Note:- Bank A/C will be debited if the amount is deposited/credited by bank & Bank A/C will be credited if the amount is withdrawn/debited by bank.
Note:- Cash will also be debited if business receives it & Credited if Business paid it.
Transaction related to Expense or Income

1 Expense paid by bank / Cash by the Business
Expense A/c Dr.
To Cash / Bank A/c
(Being expense paid by cash/Bank)
2 Expense is outstanding during a Current F.Y.
Expense A/c Dr.
To Outstanding Exp. A/c
(Being expense is due but not paid)
3 Expense paid in advance
Prepaid Expense A/c Dr.
To Cash/Bank A/c
(Being expense paid in advance by cash/ Bank)
4 Income received in Cash/Bank
Cash/Bank A/c Dr.
To Income A/c
(Being Income received in cash / bank)
5 Income due but not received
Accured/Outstanding Income A/c Dr.
To Income A/c
(Being Income due but not received)
6 Income received in cash/Bank in advance.
Cash/Bank A/c Dr.
To Prepaid Income A/c
(Being income received in advance)

Transactions related to Assets/Liabilities

1 When Assets is purchased in Cash/Bank
Assets A/c Dr.
To Cash / Bank A/c
(Being Assets purchased in cash/Bank)
2 Depreciation charged on assets
Depreciation A/c Dr.
To Assets A/c
(Being Depreciation charged on assets @ …. %)
3 Assets Sold by the business
Cash/Bank A/C Dr.
To Assets A/c
(Being Assets sold in cash/Bank)
4 Liabilty arise when business raise funds.
Cash/Bank A/c Dr.
To Liability A/c
(Being fund raised)
5 Payment of Liability
Liability A/c Dr.
To Cash/Bank A/c
(Being Liability paid in Cash/Bank)

Some other Journal Entries

1 Bad Debts (when Debtors fail to pay due)
Bad Debts Dr.
To Debtors A/c
(Being amount Bad Debts )
2 Bad Debts Recovered
Cash / Bank A/c Dr.
To Bad Debts Recovered A/c
(Being bad debts recovered )
3 Debtors Become insolvent
Cash/Bank A/c Dr. (Amt. Received)
Bad Debts Dr. (Amt. not rec.)
To Debtors A/C (the due amt)
(Being Debtors become insolvent could pay only …….. paise in a Rupees)
4 Interest on Capital
Interest on Capital A/c Dr.
To Capital A/c
(Being Interest on capital credited by business in capital A/c)
5 Interest on drawing
Capital A/C Dr.
To Interest on Drawing A/c
(Being interest on Drawing charged by business from capital A/c)
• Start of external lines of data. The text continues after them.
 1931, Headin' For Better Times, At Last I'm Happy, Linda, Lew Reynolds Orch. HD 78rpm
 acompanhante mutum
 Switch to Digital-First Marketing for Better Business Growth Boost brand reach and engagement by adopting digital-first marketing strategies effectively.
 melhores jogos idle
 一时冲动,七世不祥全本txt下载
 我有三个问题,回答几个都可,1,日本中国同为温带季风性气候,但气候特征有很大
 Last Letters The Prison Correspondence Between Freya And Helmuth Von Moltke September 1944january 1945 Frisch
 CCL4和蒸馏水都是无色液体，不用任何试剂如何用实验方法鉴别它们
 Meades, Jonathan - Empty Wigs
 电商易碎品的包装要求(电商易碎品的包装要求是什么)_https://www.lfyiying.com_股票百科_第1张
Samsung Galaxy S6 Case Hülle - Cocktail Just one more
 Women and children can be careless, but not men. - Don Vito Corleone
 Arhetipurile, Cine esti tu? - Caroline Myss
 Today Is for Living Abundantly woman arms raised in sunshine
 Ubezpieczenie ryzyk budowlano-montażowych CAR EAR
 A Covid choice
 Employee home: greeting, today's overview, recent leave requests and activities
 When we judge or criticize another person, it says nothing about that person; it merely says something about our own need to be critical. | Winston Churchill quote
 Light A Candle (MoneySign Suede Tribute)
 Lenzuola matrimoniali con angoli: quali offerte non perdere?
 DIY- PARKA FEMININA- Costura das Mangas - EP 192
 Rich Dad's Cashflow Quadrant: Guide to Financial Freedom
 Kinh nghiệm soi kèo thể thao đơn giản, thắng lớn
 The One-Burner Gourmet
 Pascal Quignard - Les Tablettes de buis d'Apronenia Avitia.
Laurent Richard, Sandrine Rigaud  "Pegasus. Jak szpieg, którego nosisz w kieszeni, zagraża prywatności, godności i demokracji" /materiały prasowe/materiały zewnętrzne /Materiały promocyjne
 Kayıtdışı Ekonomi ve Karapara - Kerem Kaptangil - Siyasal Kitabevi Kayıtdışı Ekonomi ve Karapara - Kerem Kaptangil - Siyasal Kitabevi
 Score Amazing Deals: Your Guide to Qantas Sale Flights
Goods and Serices tax (GST)
Gst is an indirect tax levied on the sale of goods and rendering of services.
GST came into effect from July 1, 2017 and replaced existing multiple cascading taxes levied by the Central and State Governments.
GST is levied at every step in the production process, but is refunded to all parties in the chain of production other than the final consumer.
Goods and Services are divided into five tax slabs for collection of tax i.e. 9%, 5% 12%, 18% and 28% except petroleum products and alcoholic drinks.
Characteristics of GST

  1. Most of the indirect taxes of the Centre and states are integrated under the GST.
  2. The Centre and States will store GST tax revenues at 50:50 ratio (except the IGST). The GST going to the centre is called Central GST and that goes to the states is known as State GST.
  3. GST belongs to the VAT family as tax revenues are collected on the basis of value added i.e. GST paid (Input GST) is SET OFF AGAINST GST COLLECTED (OUTPUT GST) and thus GST is levied on the incremental value of goods or services supplied.
  4. GST integrates goods and service taxes into one unified tax regime. Earlier goods and services were imposed and administered differently.
  5. GST proposes a four-tier rate structure. The tax slabs are fixed at 5%, 12%, 18% and 28% besides the 0% tax on essentials.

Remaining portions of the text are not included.